Press Release   •   Nov 11, 2016 05:11 GMT

TOKYO--Toshiba Corporation (TOKYO: 6502) (the “Company”) today announced its consolidated results for the first six months (April-September) and the second quarter (July-September) of fiscal year (FY) 2016, ending March 31, 2017. All comparisons in the following are based on the same period a year earlier, unless otherwise stated.

Overview of Consolidated Results for the First Six Months of FY2016

(April-September, 2016)

(Yen in billions)

First six months of FY2016 Change from first six months of FY2015
Net sales 2,579.0 -114.7
Operating income (loss) 96.8 +185.9
Income (loss) from continuing operations, before income taxes and noncontrolling interests 67.5 +25.3
Net income (loss) attributable to shareholders of the Company 115.3 +78.0
During the first half of FY2016 (April-September), the US economy generally saw solid growth mainly with increased personal consumption, and the Eurozone economy saw moderate growth, primarily in Germany.

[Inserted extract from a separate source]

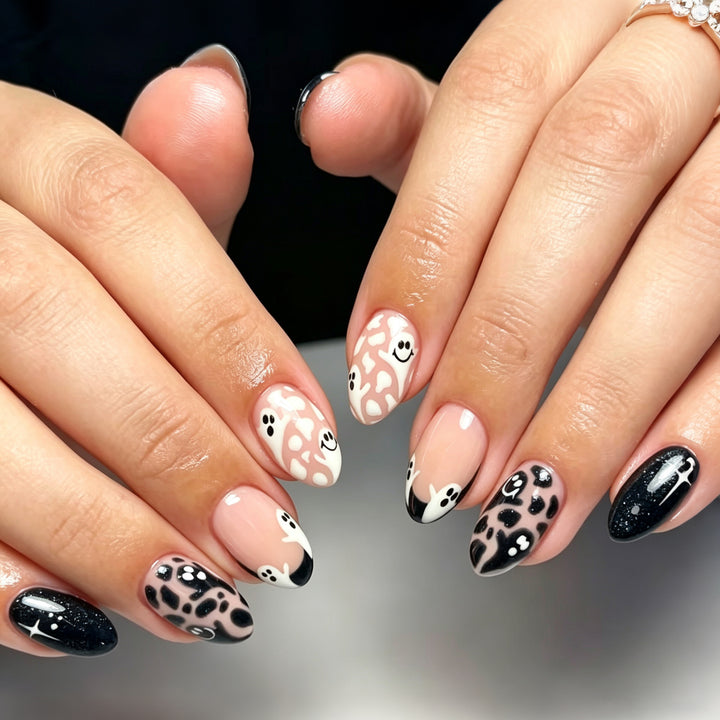 Halloween-Themed Ghost and Leopard Print Press-On Nail Art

The Chinese economy slowed, reflecting adjustments of production and investment in the coal and steel industries, though consumer consumption saw firm growth. High economic growth was seen in India. In the international financial market, there was a sharp decline in the UK pound and temporary surge in the yen, against the background of the result of the UK’s Brexit referendum in June.In Japan, as employment prospects and personal income continued to improve, consumer spending patterns generally remained firm, and capital investment trended toward recovery, and export remained at the same level.

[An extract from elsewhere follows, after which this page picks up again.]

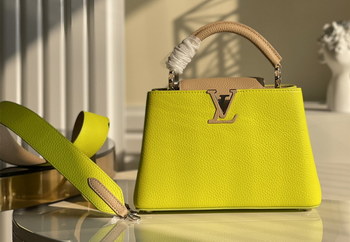 Replica Replica Louis Vuitton M548865 Capucines BB Handbag Fluorescent Yellow Coquille Beige Taurillon Leather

In these circumstances, Toshiba Group’s net sales decreased by 114.7 billion yen to 2,579.0 billion yen (US$25,534.6 million). Although the Company recorded higher sales, primarily because of the consolidation of a nuclear power construction subsidiary, and increased HDD sales units, yen appreciation and the shrinking scale of the PC and TV businesses had an impact.

The Group recorded consolidated operating income of 96.8 billion yen (US$958.4million), an improvement of 185.9 billion yen, reflecting a reduction of fixed costs through structural reform and continued emergency measures, including bonus reductions and others. The previous semester also included an asset impairment of the Retail & Printing Solutions business.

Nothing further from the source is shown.